**Requirement**. Copy word for word the lines in the records below, starting at the line with "Клетчатая плиссированная юбка" and ending at the line with "100 Mini Incandescent". Skip the pictures.

**Collection entries**.
╔══

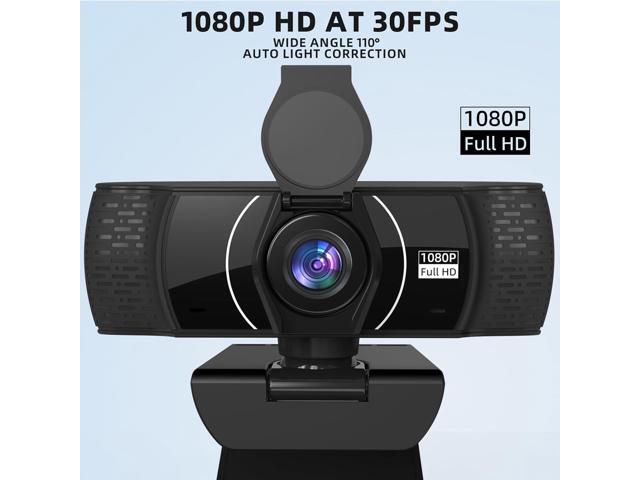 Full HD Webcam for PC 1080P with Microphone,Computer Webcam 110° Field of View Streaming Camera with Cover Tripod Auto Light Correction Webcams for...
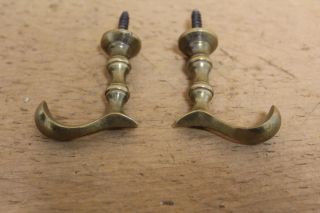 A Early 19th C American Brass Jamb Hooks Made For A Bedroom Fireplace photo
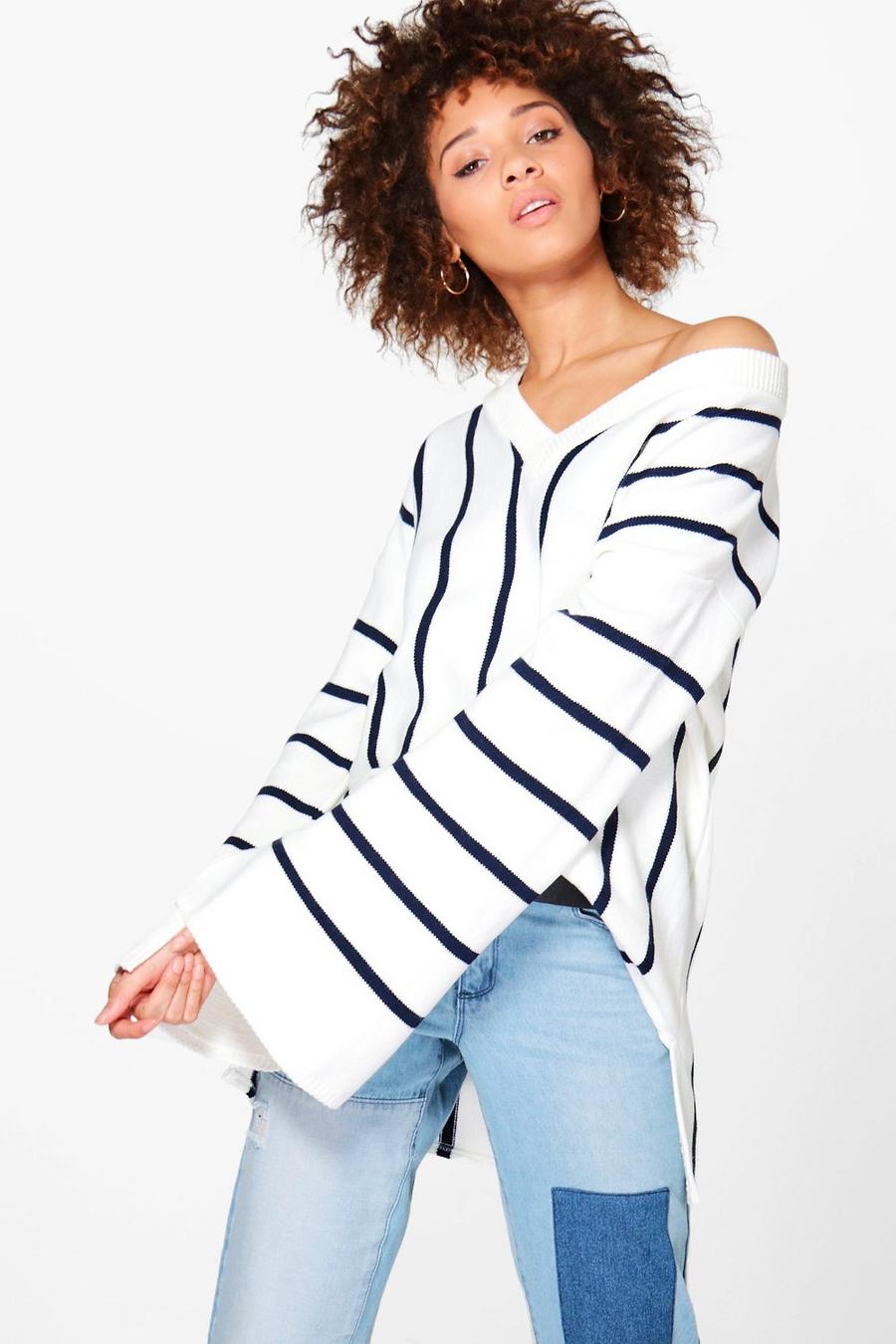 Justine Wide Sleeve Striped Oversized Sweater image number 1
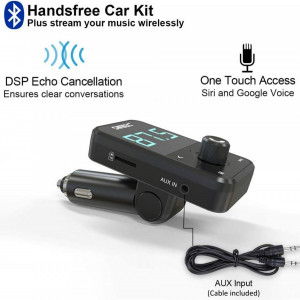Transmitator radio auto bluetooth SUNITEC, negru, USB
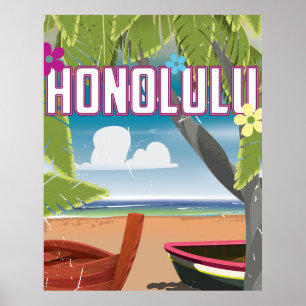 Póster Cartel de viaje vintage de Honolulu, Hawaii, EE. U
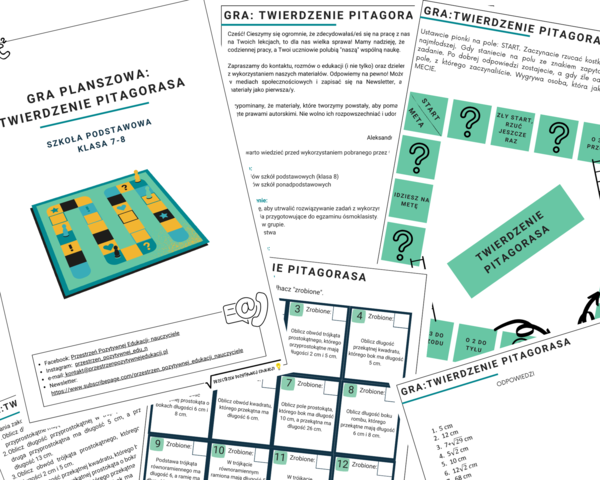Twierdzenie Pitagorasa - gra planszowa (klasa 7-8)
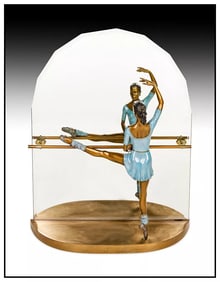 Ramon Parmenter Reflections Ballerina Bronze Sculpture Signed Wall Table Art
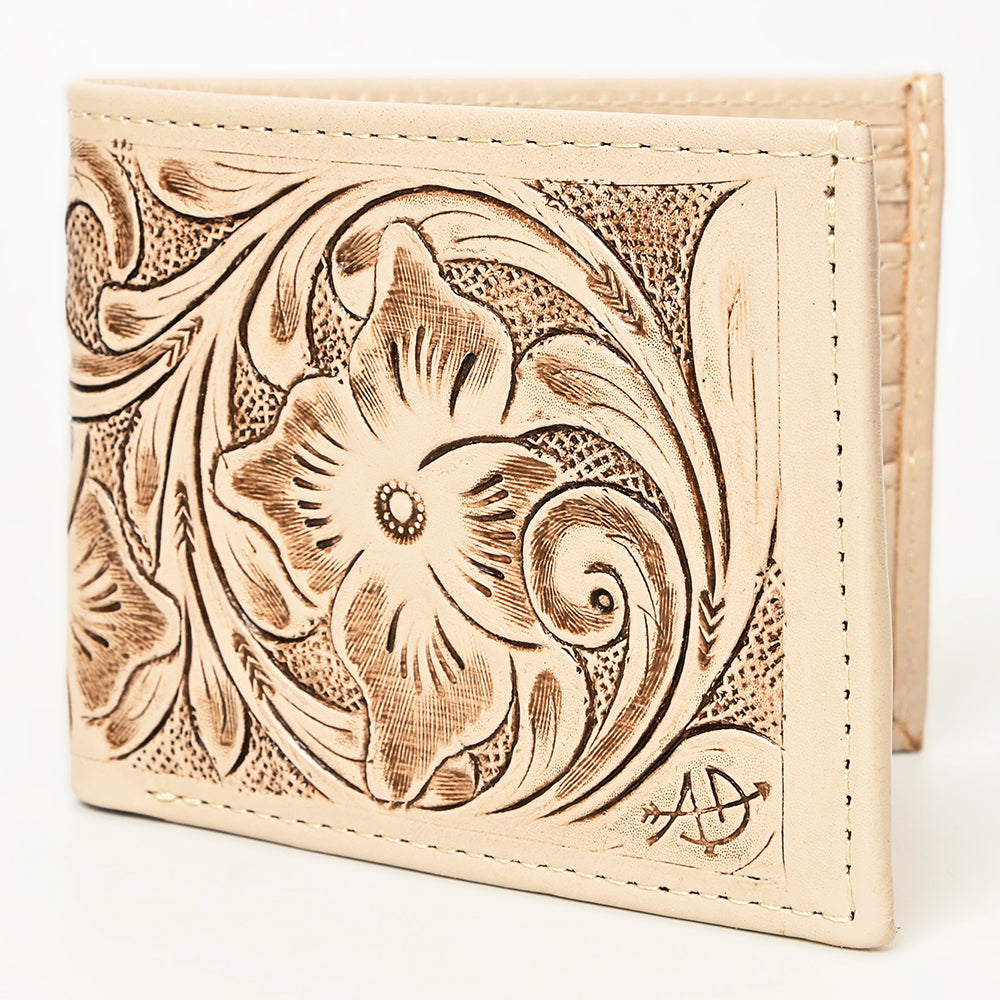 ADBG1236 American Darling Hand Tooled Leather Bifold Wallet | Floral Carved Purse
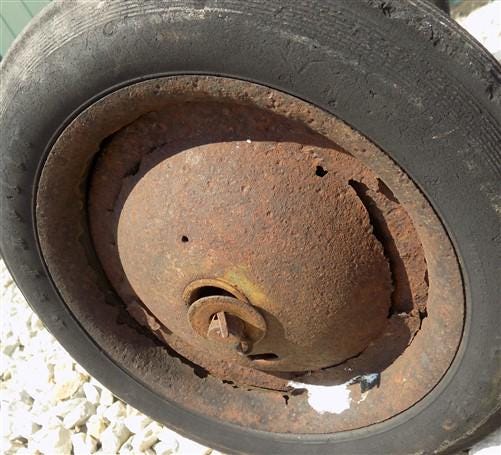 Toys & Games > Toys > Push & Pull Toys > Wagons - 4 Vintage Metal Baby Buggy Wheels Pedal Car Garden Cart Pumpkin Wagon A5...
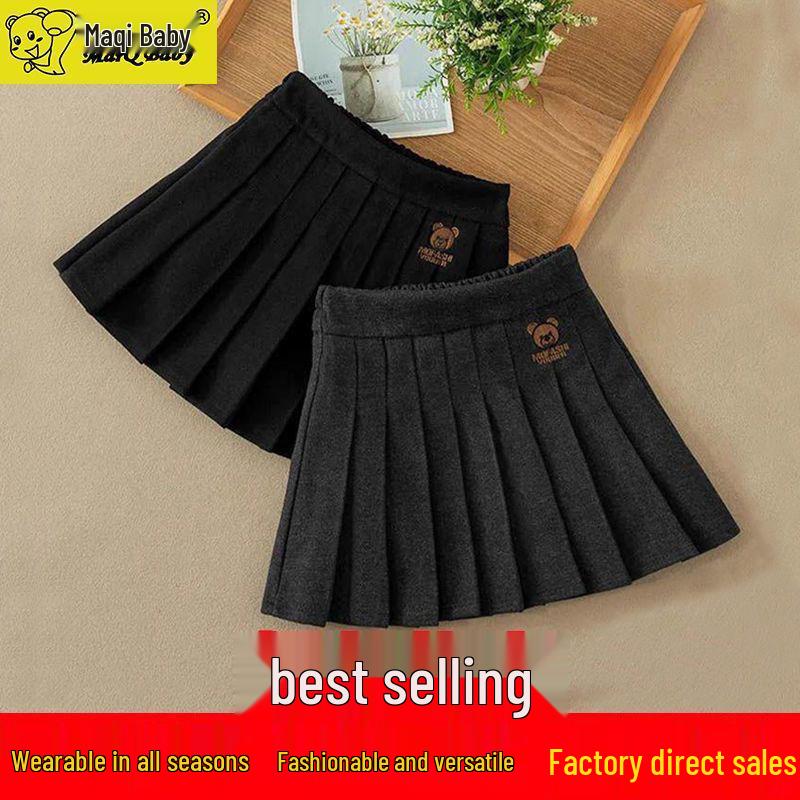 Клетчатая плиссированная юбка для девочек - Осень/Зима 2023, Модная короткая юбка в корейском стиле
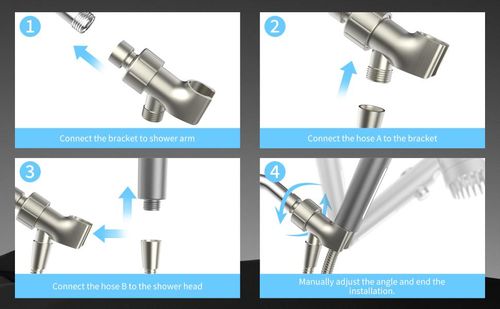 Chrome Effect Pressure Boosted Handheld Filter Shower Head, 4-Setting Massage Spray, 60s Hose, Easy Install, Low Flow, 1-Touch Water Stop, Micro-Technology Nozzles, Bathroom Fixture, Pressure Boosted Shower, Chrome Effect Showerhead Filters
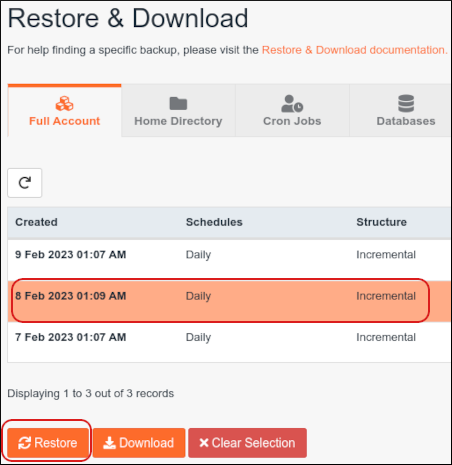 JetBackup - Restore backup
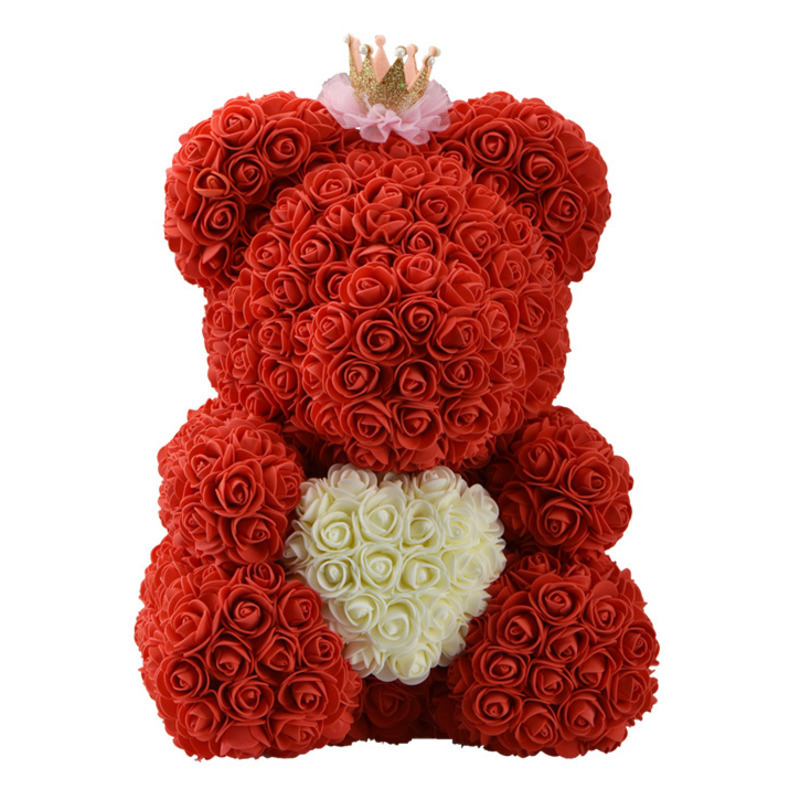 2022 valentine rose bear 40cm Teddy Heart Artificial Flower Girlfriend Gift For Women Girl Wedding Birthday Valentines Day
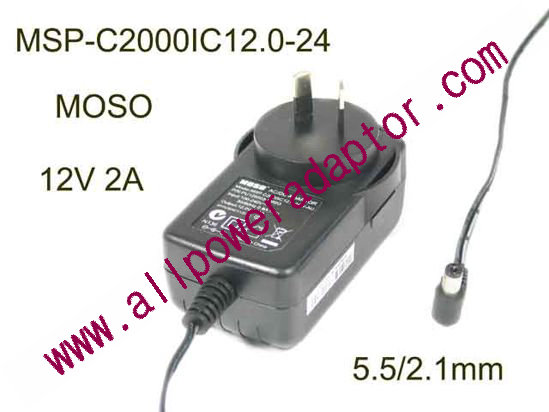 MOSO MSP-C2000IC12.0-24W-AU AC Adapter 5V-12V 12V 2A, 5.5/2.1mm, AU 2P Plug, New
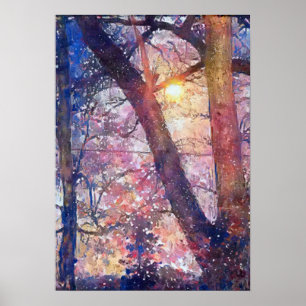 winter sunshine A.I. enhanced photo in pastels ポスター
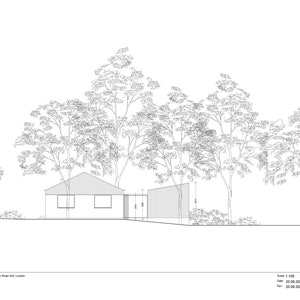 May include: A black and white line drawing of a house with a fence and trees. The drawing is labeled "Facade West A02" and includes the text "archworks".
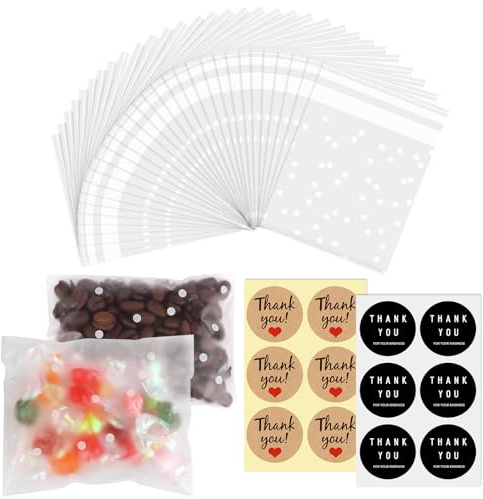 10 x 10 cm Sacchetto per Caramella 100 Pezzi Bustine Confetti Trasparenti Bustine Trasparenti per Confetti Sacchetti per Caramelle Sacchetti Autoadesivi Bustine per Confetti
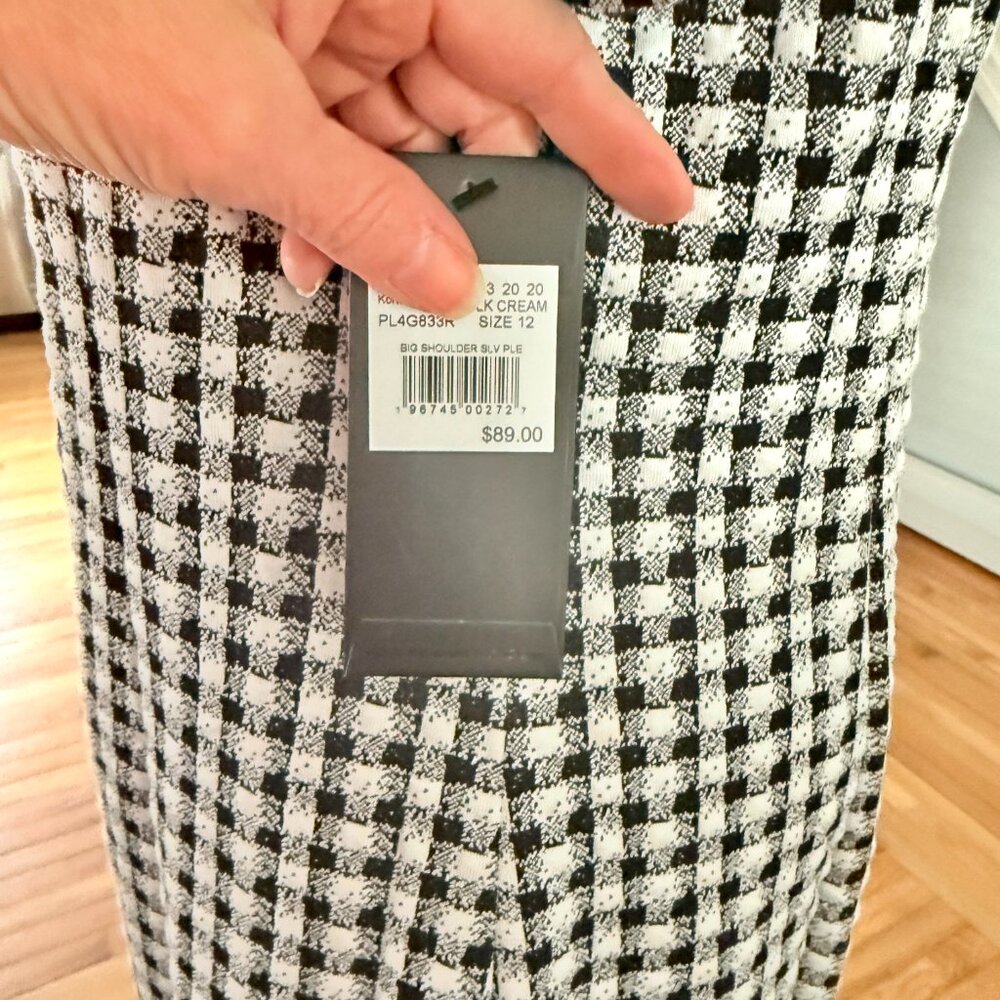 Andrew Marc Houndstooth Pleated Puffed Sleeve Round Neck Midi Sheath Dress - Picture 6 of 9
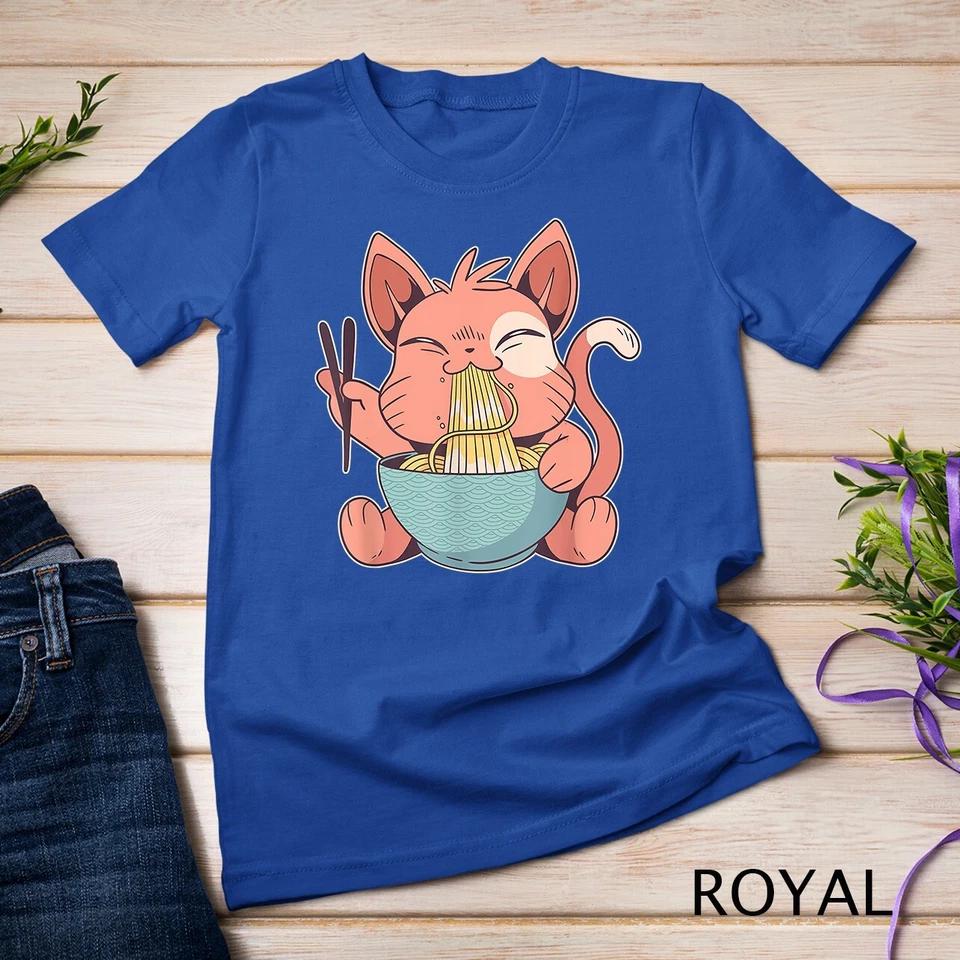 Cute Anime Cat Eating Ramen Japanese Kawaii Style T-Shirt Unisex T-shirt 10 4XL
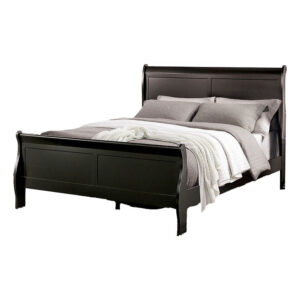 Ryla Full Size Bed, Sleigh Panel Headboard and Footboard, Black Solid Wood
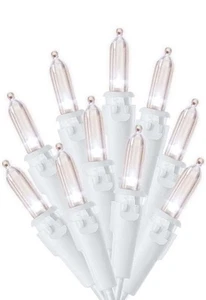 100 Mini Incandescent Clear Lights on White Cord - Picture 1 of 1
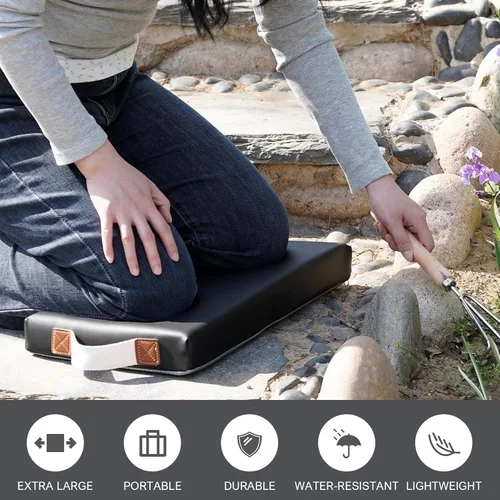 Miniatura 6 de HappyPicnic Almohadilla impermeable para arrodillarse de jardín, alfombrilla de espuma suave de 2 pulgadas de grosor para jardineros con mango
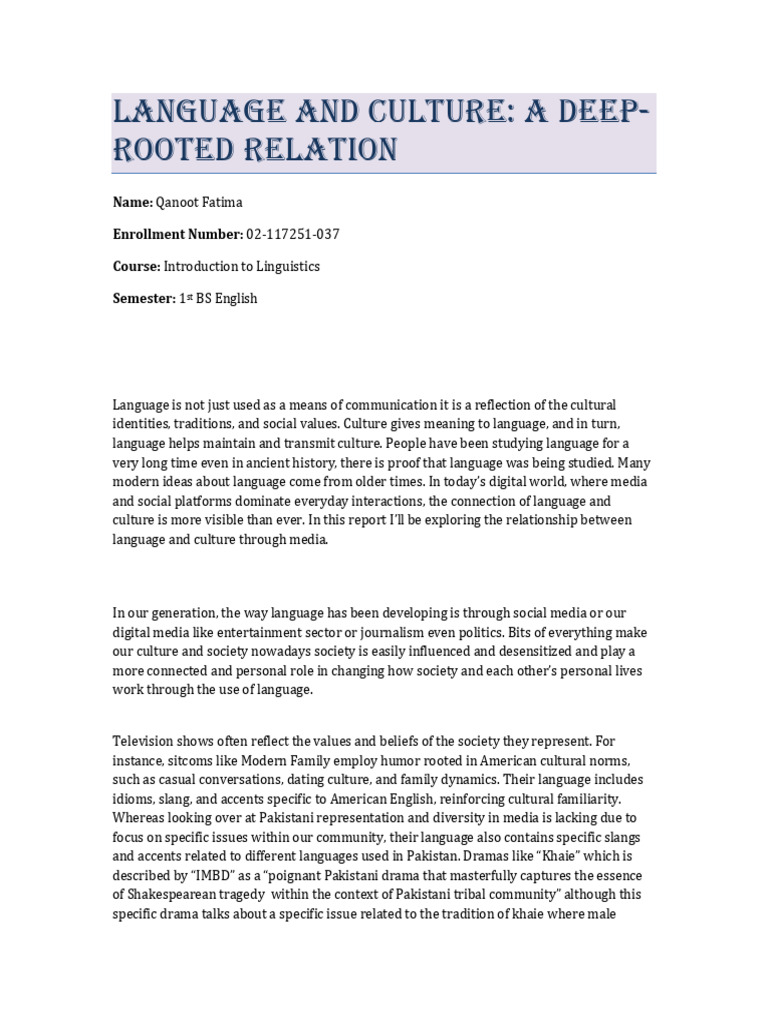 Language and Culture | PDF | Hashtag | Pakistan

╚══

**Result of this exercise**.
 Клетчатая плиссированная юбка для девочек - Осень/Зима 2023, Модная короткая юбка в корейском стиле
 Chrome Effect Pressure Boosted Handheld Filter Shower Head, 4-Setting Massage Spray, 60s Hose, Easy Install, Low Flow, 1-Touch Water Stop, Micro-Technology Nozzles, Bathroom Fixture, Pressure Boosted Shower, Chrome Effect Showerhead Filters
 JetBackup - Restore backup
 2022 valentine rose bear 40cm Teddy Heart Artificial Flower Girlfriend Gift For Women Girl Wedding Birthday Valentines Day
 MOSO MSP-C2000IC12.0-24W-AU AC Adapter 5V-12V 12V 2A, 5.5/2.1mm, AU 2P Plug, New
 winter sunshine A.I. enhanced photo in pastels ポスター
 May include: A black and white line drawing of a house with a fence and trees. The drawing is labeled "Facade West A02" and includes the text "archworks".
 10 x 10 cm Sacchetto per Caramella 100 Pezzi Bustine Confetti Trasparenti Bustine Trasparenti per Confetti Sacchetti per Caramelle Sacchetti Autoadesivi Bustine per Confetti
 Andrew Marc Houndstooth Pleated Puffed Sleeve Round Neck Midi Sheath Dress - Picture 6 of 9
 Cute Anime Cat Eating Ramen Japanese Kawaii Style T-Shirt Unisex T-shirt 10 4XL
 Ryla Full Size Bed, Sleigh Panel Headboard and Footboard, Black Solid Wood
 100 Mini Incandescent Clear Lights on White Cord - Picture 1 of 1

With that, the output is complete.